New legislative proposal to amend the National Cybersecurity System Act
A government proposal to amend the National Cybersecurity System Act (CSA) has been published after many weeks of public statements. The proposal is somewhat similar to the proposal for an amendment to the act of last year, which was discussed in our previous international newsletter. However, it contains a range of new solutions not announced to the public before. Although a very short timeframe has been set, many comments have been submitted regarding the proposed bill, from business organizations and elsewhere. Government officials have said that the proposal has been submitted to the Government National Security and Defence Committee (KRMBNSO).
There is a major change compared to the previous version of the amendment, which is that telecommunications operators, which to date were completely excluded, will be included in the National Cybersecurity System. Telecommunications operators are only to be subject to the CSA to a certain extent, and the wording in this respect is vague and imprecise. This will apply only where telecommunications operators belong to one of the groups with special obligations under the CSA, for example they are digital service providers or operators of essential services.
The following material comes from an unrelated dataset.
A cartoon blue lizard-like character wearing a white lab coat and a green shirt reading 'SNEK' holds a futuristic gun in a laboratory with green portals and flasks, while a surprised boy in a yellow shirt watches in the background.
As in the previous proposal, the National Cybersecurity System will include new entities such as institutions of higher education, or for example the Polish Financial Supervision Authority. Another change that has been retained is that Security Operations Centers (SOCs) have to be used to comply with obligations of operators of essential services where this relates for instance to management of security of an IT system, or dealing with and reporting incidents. Under the new provisions, agreements for SOC services performed for an operator of essential services must state Polish law as the governing law, and the competent minister will have an obligation to maintain a list of all SOCs in operation.
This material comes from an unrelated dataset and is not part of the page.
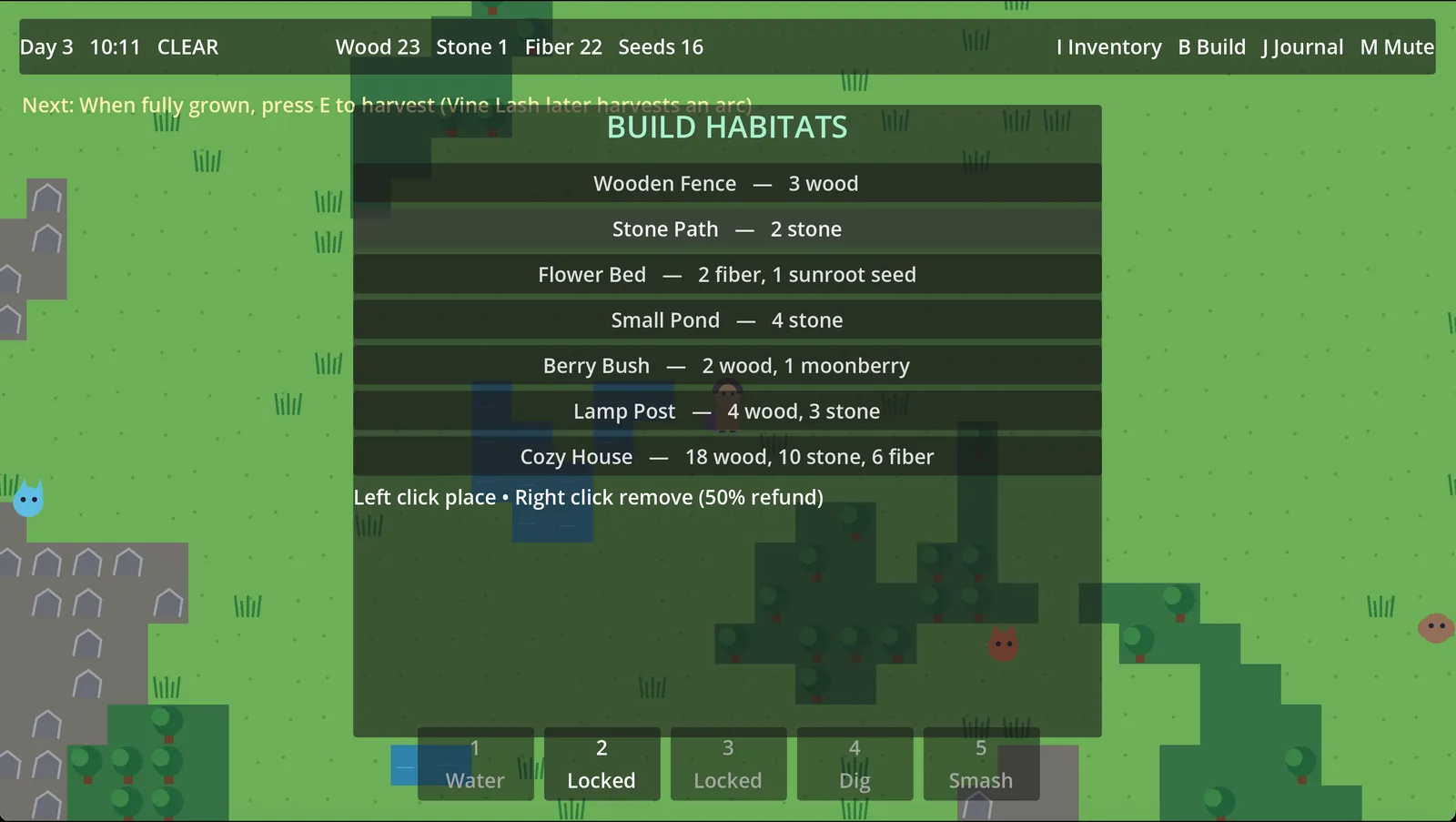 Sol's build menu in Shapehaven Island.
As in the previous proposal for the amendment, under the current proposal a national system of cybersecurity certification will be created. Under this system, a national cybersecurity certification scheme will be set up, and will have three trust levels (basic, essential, and high) for ICT products, services, and processes. The concept of creating a strategic cybersecurity network has also been retained, and this will be used by a strategic cybersecurity network operator to provide services to the most important state authorities (such as the Chancellery of the President, the Chancellery of the Sejm and Senate, and the National Security Bureau).
Once again, there is strong feeling and controversy surrounding the procedure for classifying a hardware or software supplier as a high-risk supplier and the power of the minister competent for computerization to issue instructions for security purposes.
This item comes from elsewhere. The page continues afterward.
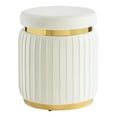 thumbnail image 2 of Furniture of America Rigi Modern 15" Upholstered Round Stool, White and Gold, 2 of 8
Under the proposal, if a supplier is designated as high-risk, a significant number of firms operating on the market (such as digital service providers, operators of essential services, and telecommunications operators) may be prohibited from using certain hardware or software supplied by that supplier.
Meanwhile, under the new system for issuing instructions for security purposes, the instructions would take the form of an administrative decision. Security instructions are to be issued in cases of critical incidents, and for example it will be possible, in these instructions, to prohibit entities in the national cybersecurity system (such as operators of essential services and digital service providers) from using particular hardware or software, require them to place limits on traffic from IP or URL addresses of a particular entity joining the infrastructure, or order that distribution of a specific version of software be stopped or installation of that software be prohibited. Under the amendment, the penalty for not complying with instructions for security purposes is an administrative fine as high as 3% of total annual global turnover in the previous financial year in the case of digital service providers.
There is a new development in relation to the previous proposal for the amendment, concerning 5G networks. Under the current proposal, a new capital company will be formed called Polskie 5G, and it will have the goal of establishing the nationwide wholesale 5G network. Principally, the company will be responsible for ensuring that the wholesale 5G network signal covers the entire country and for providing wholesale paid telecommunications services via that network. According to the proposed provisions, the 5G network frequencies would be granted to telecommunications operators in an auction held by the President of the Office of Electronic Communications.